Directions
Could you retype only the lines from the one containing "Molasses Crinkles Cookies" through the final line of the entries, both included, skipping any images?

[Short text fragments from websites]
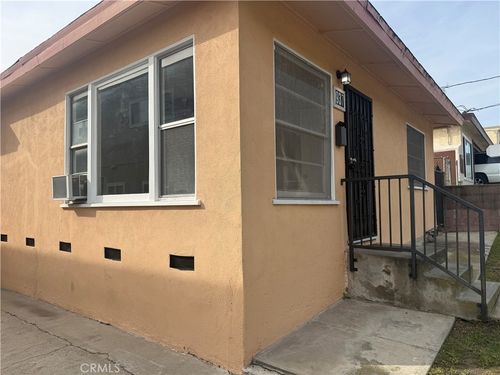 935 937 W 17th, San Pedro, CA, 90731 | Card Image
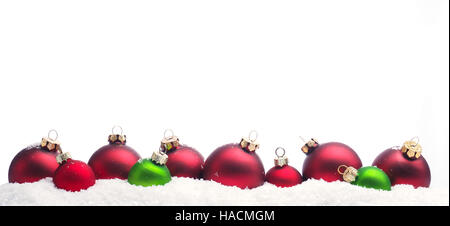 Bunte Christbaumkugeln im Schnee mit Platz für Text oder Bild Stockfoto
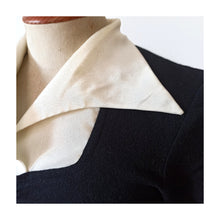 Cargar imagen en el visor de la galería, 1930s - Stunning German Black Wool Dress - W26 (66cm)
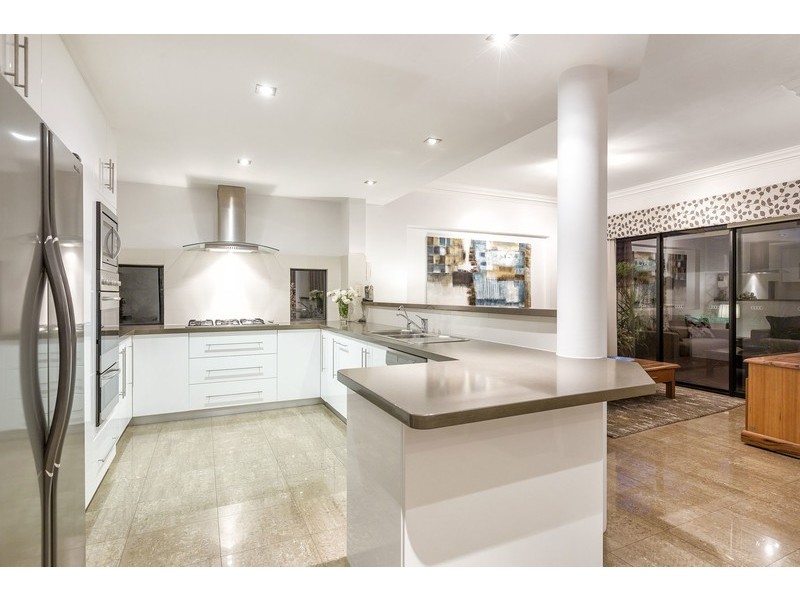 2/39 Renwick Street, South Perth WA 6151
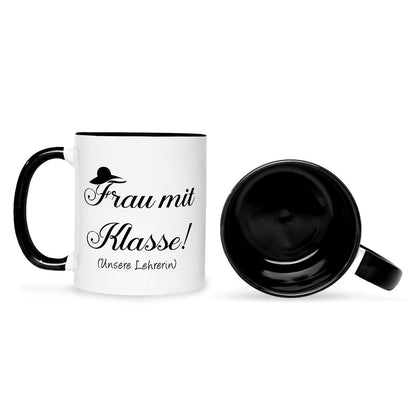 Bedruckte Tasse mit Spruch Frau mit Klasse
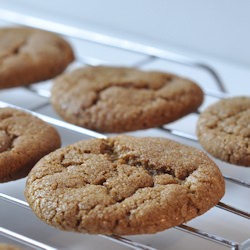 Molasses Crinkles Cookies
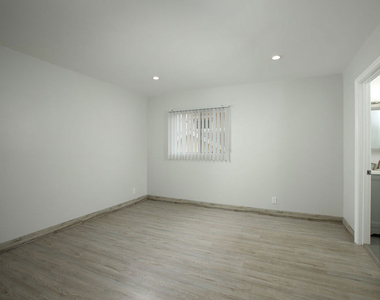 10214 Samoa Avenue - Photo Thumbnail 9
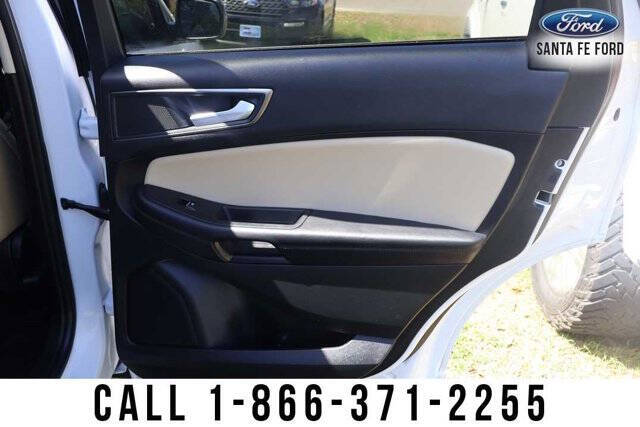 2024 Ford Edge SE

Reply
 Molasses Crinkles Cookies
 10214 Samoa Avenue - Photo Thumbnail 9
 2024 Ford Edge SE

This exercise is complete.